> EXERCISE: From the records below, please print only the lines from the one containing "Virat Kohli sweeps all three top ICC awards" through the one containing "Footwear The North", both included. Skip the pictures.
***** EXERCISE MATERIAL
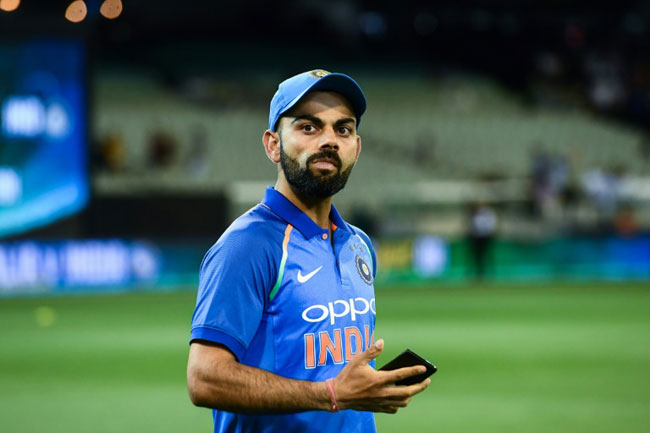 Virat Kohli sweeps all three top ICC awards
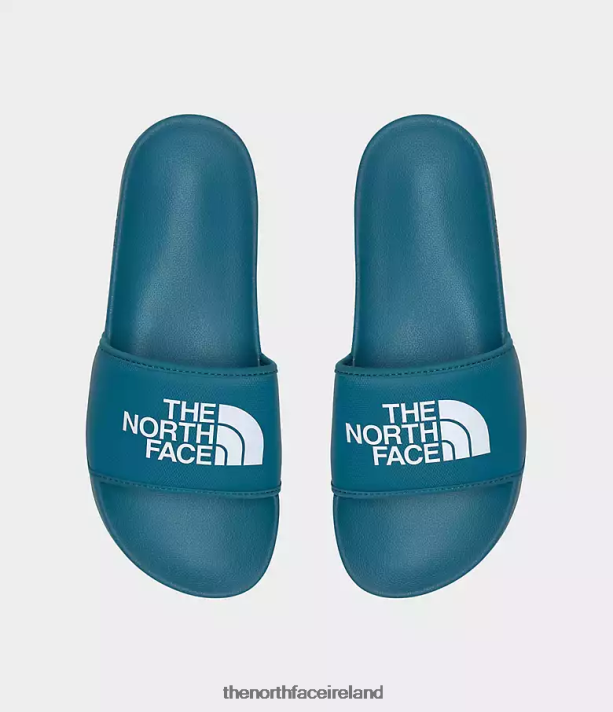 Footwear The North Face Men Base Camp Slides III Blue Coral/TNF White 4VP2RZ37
**********
***** EXERCISE MATERIAL
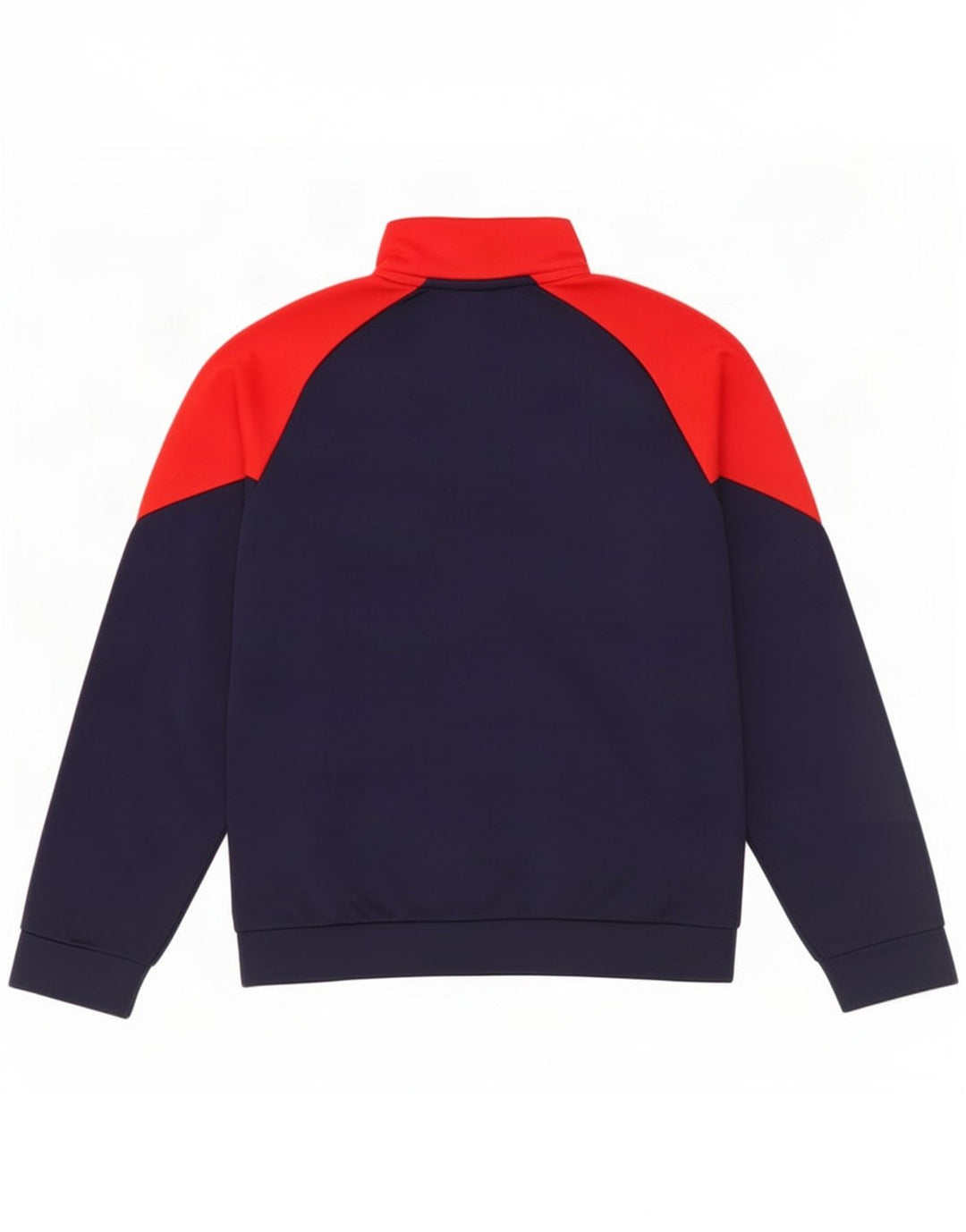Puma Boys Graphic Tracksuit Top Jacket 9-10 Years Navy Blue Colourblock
**********
***** EXERCISE MATERIAL
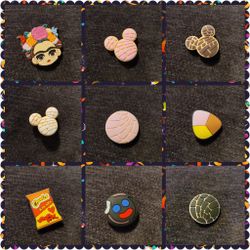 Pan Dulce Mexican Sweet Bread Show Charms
**********
> TASK ANSWER:
 Virat Kohli sweeps all three top ICC awards
 Footwear The North Face Men Base Camp Slides III Blue Coral/TNF White 4VP2RZ37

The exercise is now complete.